At grassroots level British Rowing were a key partner of Women’s Sport Week in 2015. Katherine Grainger CBE, Olympic gold medallist, was an ambassador for the week and Chairman, Annamarie Phelps CBE, supported the action group.
Female membership of British Rowing is growing at a faster rate than men’s, and the latest APS data showed an increase in female participation. British Rowing membership is nearing an even split, with 43% female, 57% male.
2015 heralded a new era for university rowing, with the Women’s Boat Race taking place on the Thames on the same day as the men for the first time.
In high performance, British Rowing has a developed a dedicated online community, Women on Water, which highlights performance pathway initiatives and promotes women’s rowing.
As an organisation, British Rowing has had female chairs for 27 years, Dame Di Ellis and currently Annamarie Phelps CBE. A third of the Board is female, half of the Directors’ team is female and 48% of staff are female. Internationally, British Rowing has female representation on FISA’s international commissions.
ENGLAND & WALES CRICKET BOARD
The ECB is promoting women’s cricket more extensively than ever before. Thanks to high profile marketing campaigns, striking imagery and considerable national media coverage, the profile of the sport has never been higher.
The ECB’s partnerships with Sky Sports and BBC Radio ensured that every ball of the 2015 Women’s Ashes was broadcast, including live television coverage of a Women’s Test match for the first time in the history of the game.
Further history will be made this summer, when the inaugural Kia Super League is launched.
At the grassroots, over the last ten years the number of clubs offering women’s cricket has grown from 90 to over 650, alongside the number of female cricket coaches increasing from 556 to over 2750. Such achievements stem from the ECB making strong progress in implementing the 2013-17 Whole Sport Plan, which sees the women’s and girls’ game as an integrated priority for all 39 County Cricket Boards across the country.
The ECB has also committed to promoting diversity in the game through a major new joint initiative with the Equality and Human Rights Commission (EHRC). So far, the scheme has invested over £310,000 over the last 12 months into local activity, creating new opportunities for women and girls of all abilities to play, with a strong focus on soft ball cricket.

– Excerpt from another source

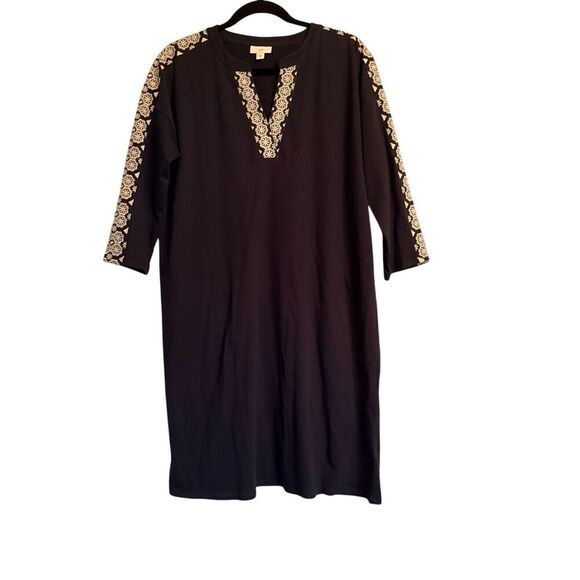 JJill Sz M Dress Embroidered Pull On‎ Preppy Office Comfy - Picture 1 of 13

This year England Hockey moved the women’s game forward strategically in the UK, staging the Unibet EuroHockey Championships at Queen Elizabeth Olympic Park in front of record crowds.
The NGB deliberately placed the women’s finals in the most prestigious final time slot (traditionally given to the men) and as a result a TV audience of 1.5m saw the England women’s team become European Champions. On the back of that success the Hockey Champions Trophy will be live on BT Sport this year, as well as World League semi-finals 2017 and Women’s World Cup in 2018.
The international team provides huge inspiration to all ages with a host of high profile female sporting role models. In 2015 Kate Richardson-Walsh MBE became GB’s most capped female hockey player; Lily Owlsey was FIH Women’s Rising Star of the Year; Karen Brown was FIH Female Coach of the Year and Wendy Russell Sports Coach UK Disability Coach of the year.
Hockey used the successes, profile and role models to drive an engagement programme which has seen a huge rise in girls playing club hockey.
England Hockey has also encouraged 12,000 women back to the game with its highly successful Back to Hockey programme with the support of 300 clubs around the country.